→ Provided records
▼

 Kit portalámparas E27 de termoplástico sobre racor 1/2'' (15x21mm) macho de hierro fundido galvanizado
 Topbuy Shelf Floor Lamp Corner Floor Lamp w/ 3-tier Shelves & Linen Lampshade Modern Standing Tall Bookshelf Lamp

▲
▼

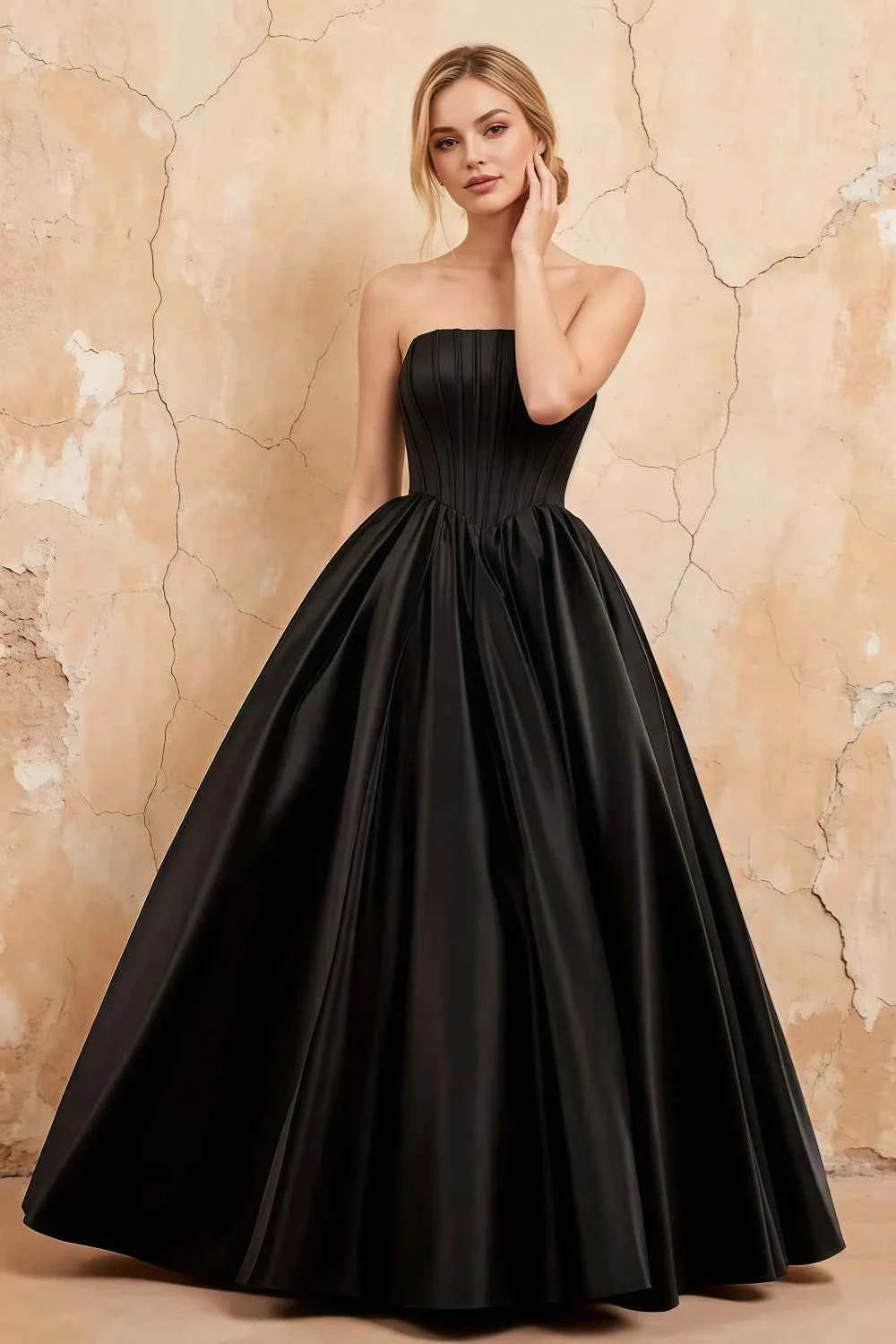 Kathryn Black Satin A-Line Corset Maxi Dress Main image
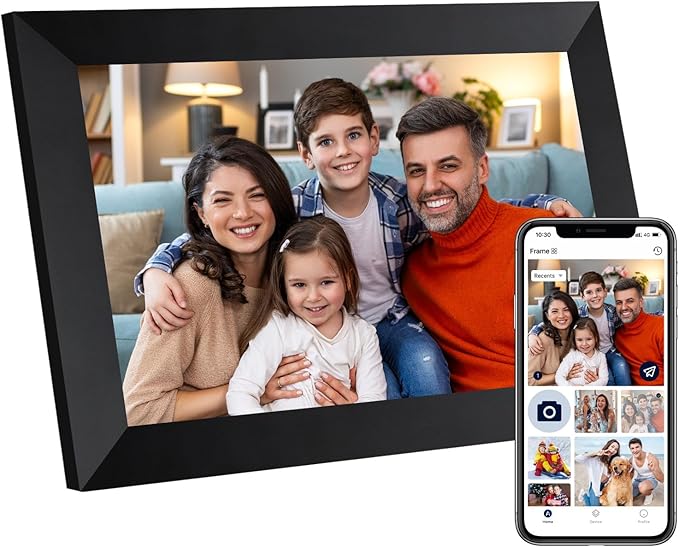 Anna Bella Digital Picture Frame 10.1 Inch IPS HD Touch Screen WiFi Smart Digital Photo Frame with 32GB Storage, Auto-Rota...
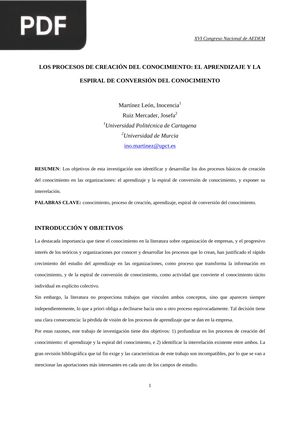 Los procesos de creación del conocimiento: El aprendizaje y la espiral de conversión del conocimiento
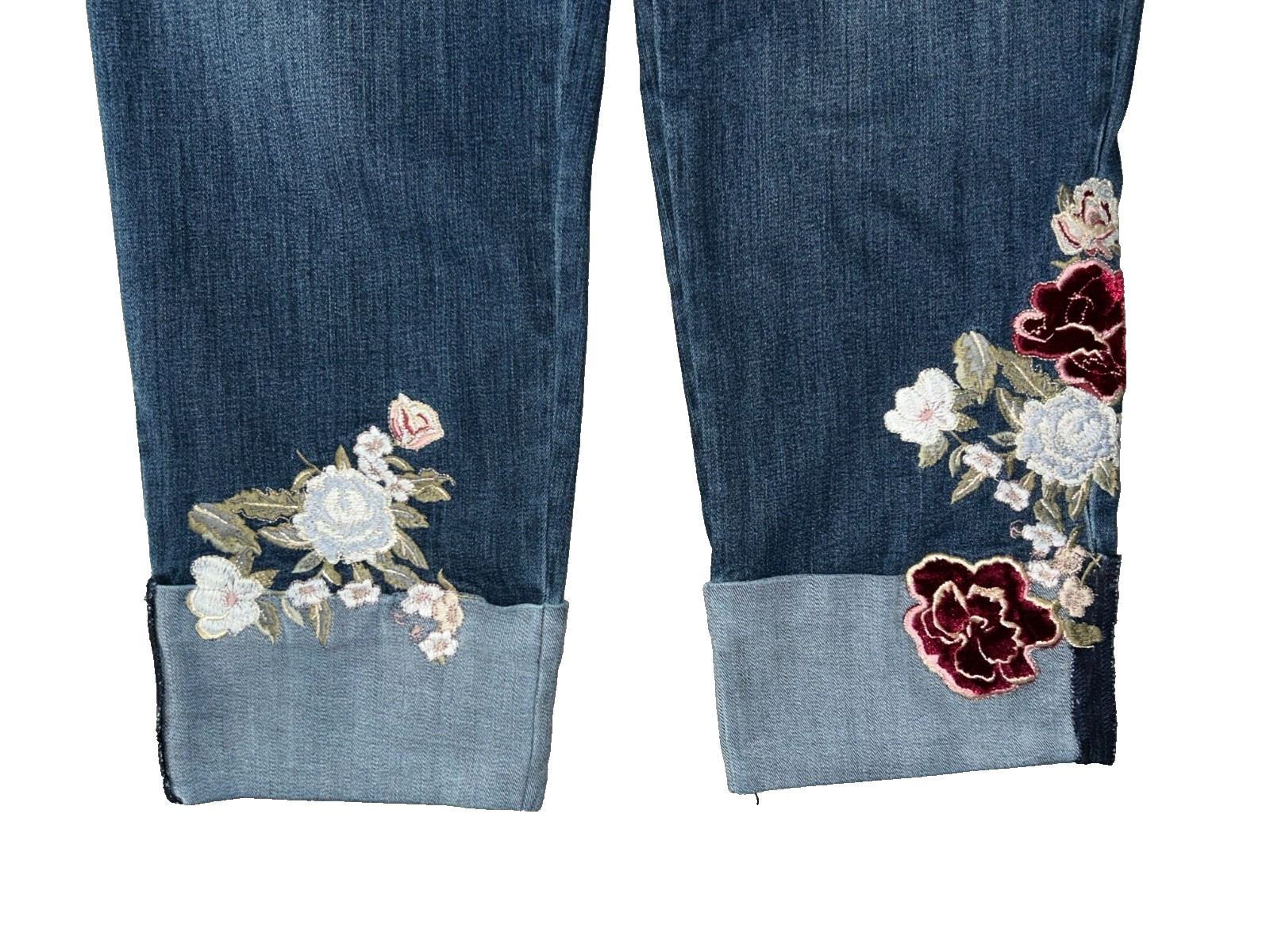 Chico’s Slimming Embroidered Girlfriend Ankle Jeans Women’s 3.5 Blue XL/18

▲

→ Problem description
Copy the records above exactly, beginning at the line that contains "Kit portalámparas E27" and stopping after the line that contains "Topbuy Shelf Floor".

→ Answer box
 Kit portalámparas E27 de termoplástico sobre racor 1/2'' (15x21mm) macho de hierro fundido galvanizado
 Topbuy Shelf Floor Lamp Corner Floor Lamp w/ 3-tier Shelves & Linen Lampshade Modern Standing Tall Bookshelf Lamp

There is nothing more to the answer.